→ The input:

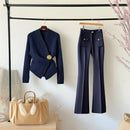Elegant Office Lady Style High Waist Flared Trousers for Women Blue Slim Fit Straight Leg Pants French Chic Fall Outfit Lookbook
* * *
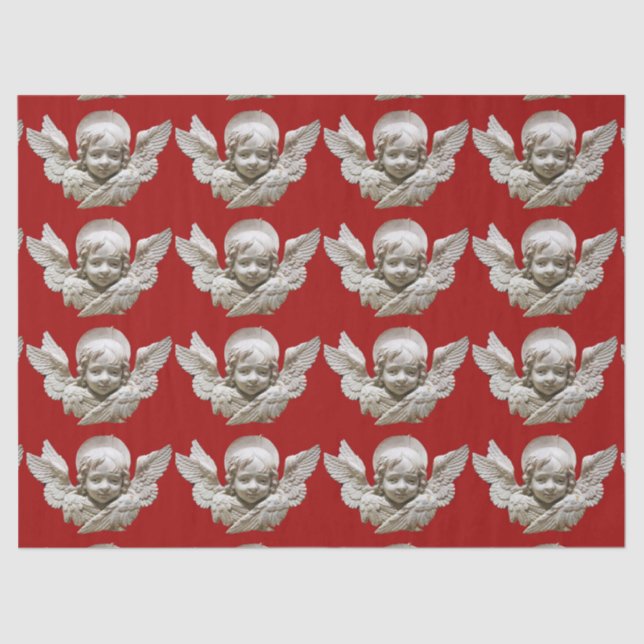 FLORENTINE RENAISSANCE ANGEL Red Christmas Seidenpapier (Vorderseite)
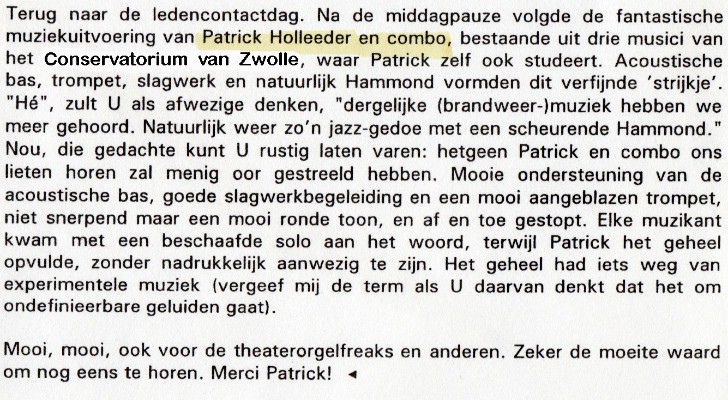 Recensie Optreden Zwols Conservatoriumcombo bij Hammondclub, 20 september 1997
---
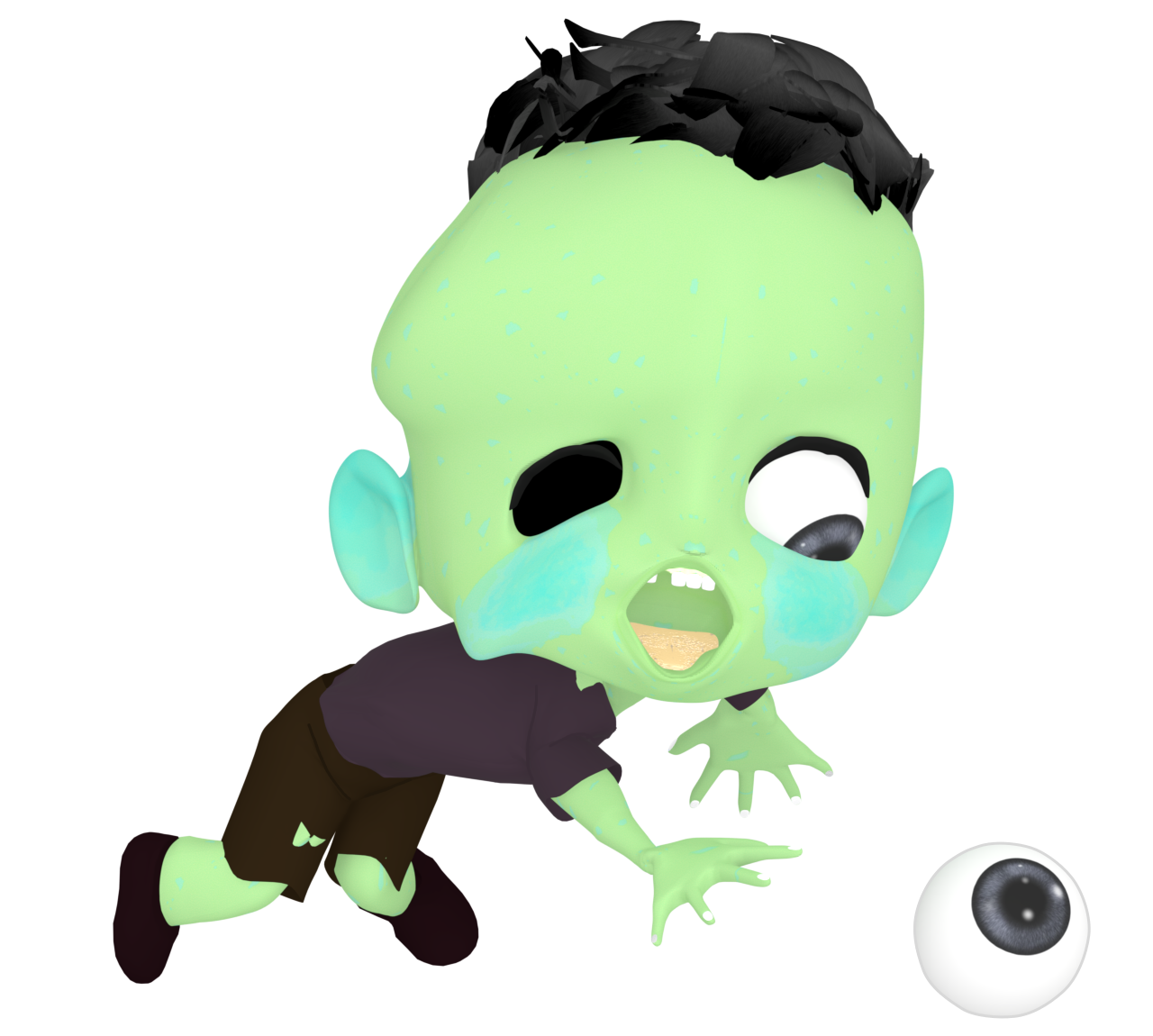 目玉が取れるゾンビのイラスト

→ Goal of the exercise: From the entries above, copy exactly the lines starting at the one with "FLORENTINE RENAISSANCE ANGEL" and stopping at the one with "Recensie Optreden Zwols", keeping both ends. Drop the pictures.

→ Solution to this exercise:
 FLORENTINE RENAISSANCE ANGEL Red Christmas Seidenpapier (Vorderseite)
 Recensie Optreden Zwols Conservatoriumcombo bij Hammondclub, 20 september 1997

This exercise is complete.